◆ Exercise details ◆
Your answer must restate each entry below word for word, with no pictures in it.

◆ Input material ◆
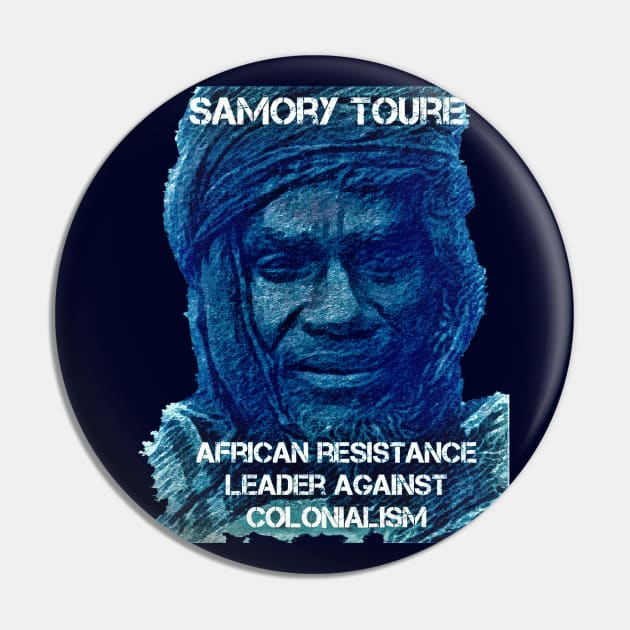 African History Samory Touré Resistance Leader Against Colonialism Blue Pin by Tony Cisse Art Originals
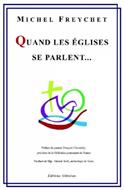 Quand les Eglises se parlent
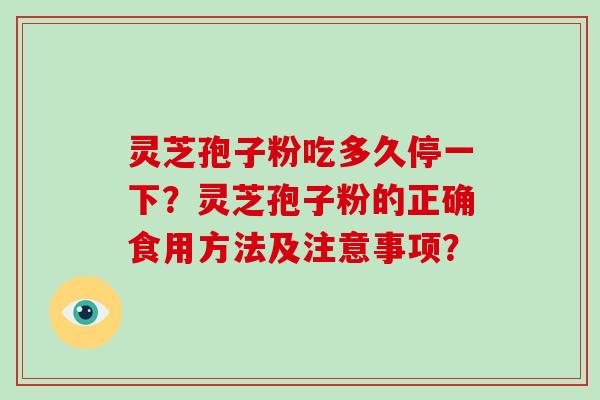 灵芝孢子粉吃多久停一下？灵芝孢子粉的正确食用方法及注意事项？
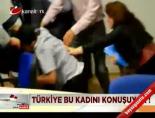 Türkiye bu kadını konuşuyor! online video izle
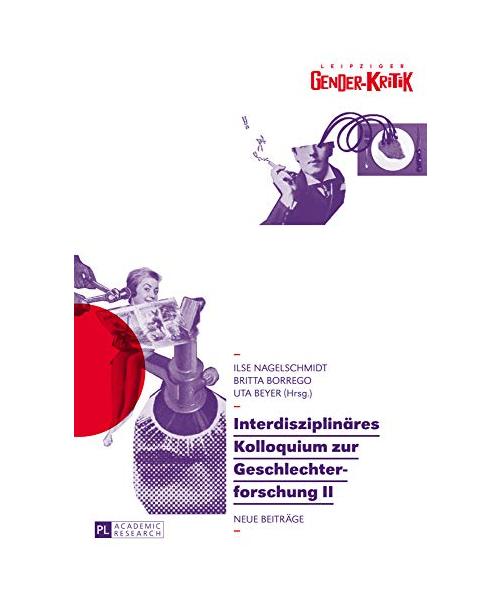 Interdisziplinäres Kolloquium zur Geschlechterforschung II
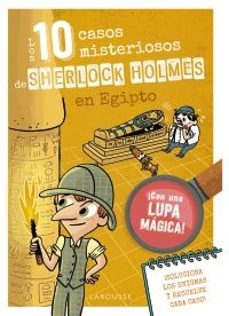 Los 10 Casos Misteriosos de Sherlock Holmes en Egipto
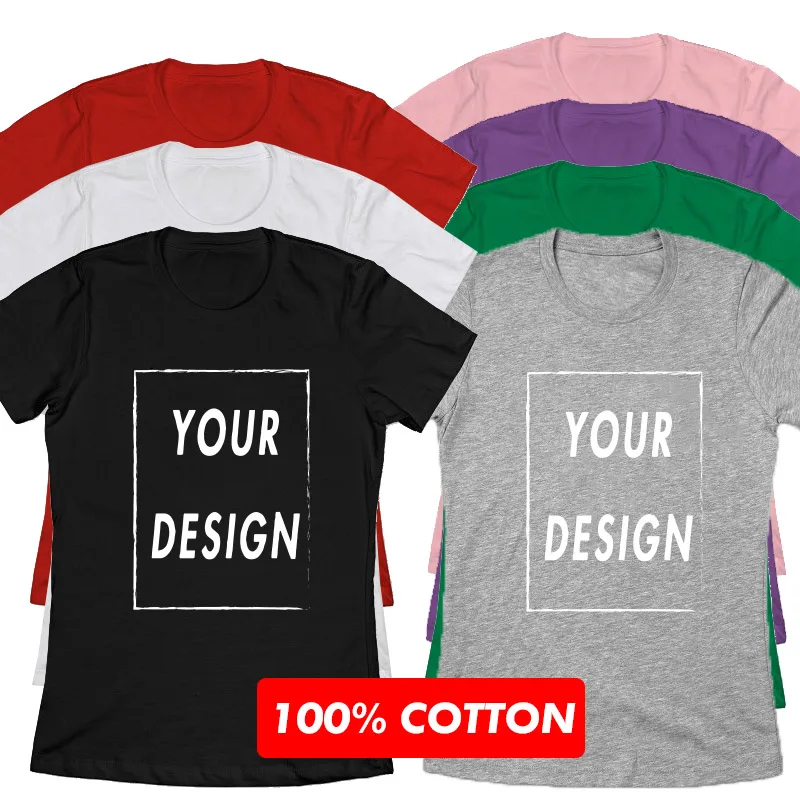 

Female Custom T-shirt DIY Add Your Own Design Print The Text Or Picture Women Tee Soft Casual 100% Cotton T Shirt EU Size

◆ The completed task ◆
 African History Samory Touré Resistance Leader Against Colonialism Blue Pin by Tony Cisse Art Originals
 Quand les Eglises se parlent
 灵芝孢子粉吃多久停一下？灵芝孢子粉的正确食用方法及注意事项？
 Türkiye bu kadını konuşuyor! online video izle
 Interdisziplinäres Kolloquium zur Geschlechterforschung II
 Los 10 Casos Misteriosos de Sherlock Holmes en Egipto

Female Custom T-shirt DIY Add Your Own Design Print The Text Or Picture Women Tee Soft Casual 100% Cotton T Shirt EU Size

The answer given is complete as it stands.